But we do and it is called parenting.



And here's the one that they did with boys doing the same stupid crap.

 
Well Sal if I was your mother, we would have had several heart to heart talks. You call me at 2-3 in the morning to decide to let me know you are staying with friends would be a no starter. When you returned home your ass would have been grass and I would have been the lawnmower. Cheer!s

well each must parent as they feel best...

it sounds like you have never experienced that type of life style:
- small town,
- a no gun culture,
- friends families all were familiar with each other,
my girlfriend and I (still friends five decades later) were always together, ate at each other's place, slept at each other's place, if I was out with other friends she might be hanging with my mum,
- we could safely walk the streets, parents didn't drive us anywhere,
- we all went to school together,
- we all worked and paid our own way...and come to think of it...I don't remember anyone getting pregnant that I knew
- many of us went to the same university later

come to think of it...I doubt any generation after mine will ever experience that type of freedom, and that is a shame
 
I would rather ruin a trust and relationship with my child than have anything happen to my child. I am a parent first. Never a friend. My job is to raise my kids to be productive members of society and keep them safe. I will use whatever means is at my disposal to do so.

IMO parents try to be friends with their children at the cost of good parenting. What use is friendship if they're dead and you knew that you had the means to prevent it?

As for the chances of a daughter running off with a stranger from the internet....they have whole taskforces dedicated to seeking out online predators because it happens far more than "virtually nil". The Red Sox's winning the Super Bowl is "virtually nil". Online predators going after children is a daily occurrence. Learn the facts before you say something.



The U.S. Department of Justice NSOPW ~ Raising Awareness about Sexual Abuse

Is spying really the right answer or is having frank discussions with your kids re sexual predators and teaching them what to look for and how to protect themselves. 1/25 receiving an online solicitation =/= to a child running off with an internet stranger nor does it warrant "spying" just to be sure.

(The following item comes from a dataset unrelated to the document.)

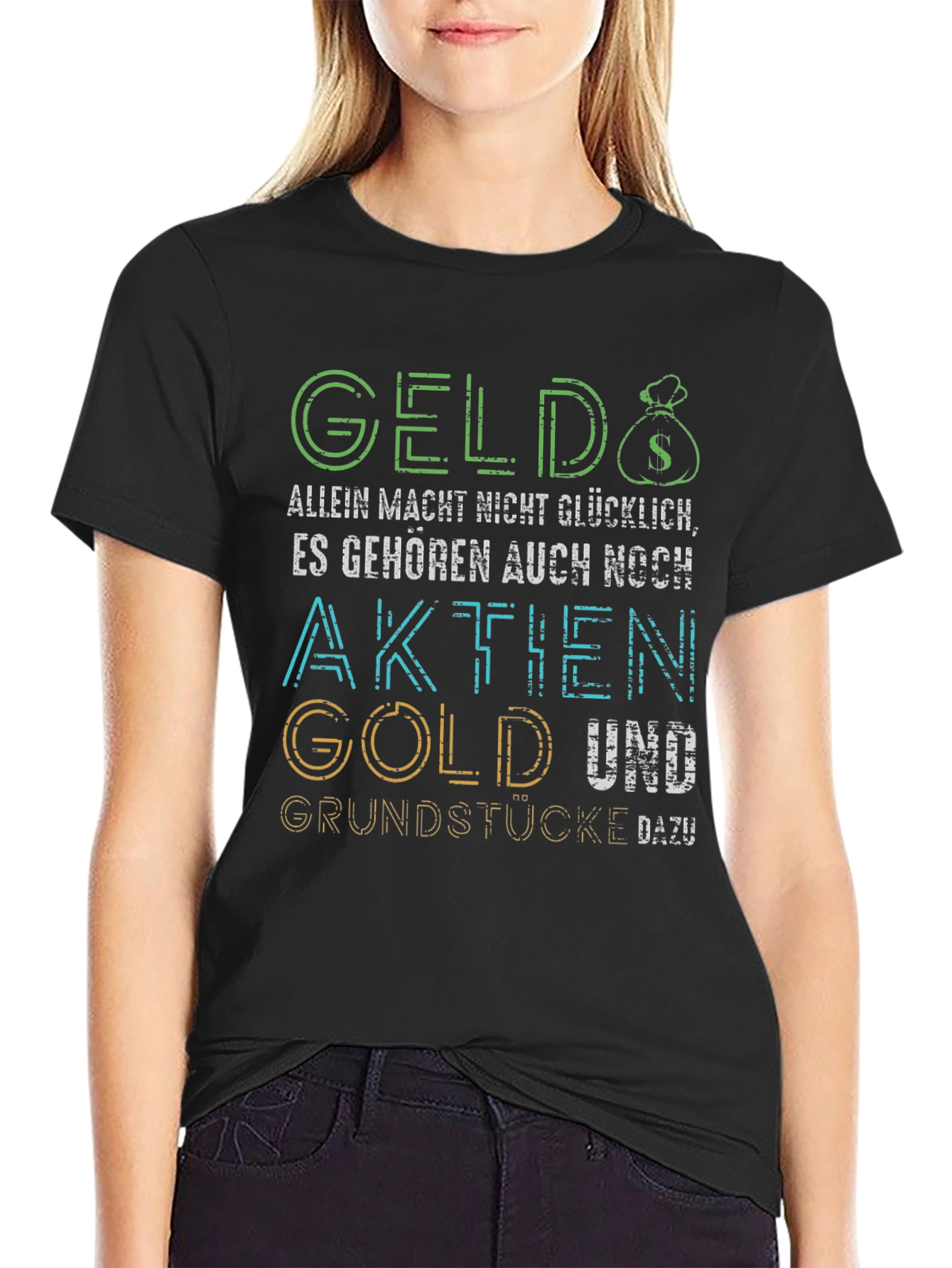 Geld Aktie Gold Graphic Tee - Black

I'm also not quite sure where your coming from as you seem to equate not spying on your kids as somehow being a less than ideal parent... you seem to equate not spying as friendship.

But to each their own when it comes to parenting.
 
I've known fathers who put key loggers on their kids laptops. And monitored cell phone use. On the other hand. I've seen 3 year old Hispanic kids walking down the street all by their lonesome. And I regularly see infants left in running cars. So, it's like everything else, there are those who do and there are those who don't.

I think placing kids on the defensive is a big mistake. And so for the most part I've always treated my kids like adults. But, different personalities, mitigating circumstances, I'm flexible. Carpe Diem! To the victor go the spoils. And I'm gonna win no matter the cost.
 
I've known fathers who put key loggers on their kids laptops. And monitored cell phone use. On the other hand. I've seen 3 year old Hispanic kids walking down the street all by their lonesome. And I regularly see infants left in running cars. So, it's like everything else, there are those who do and there are those who don't.

I think placing kids on the defensive is a big mistake. And so for the most part I've always treated my kids like adults. But, different personalities, mitigating circumstances, I'm flexible. Carpe Diem! To the victor go the spoils. And I'm gonna win no matter the cost.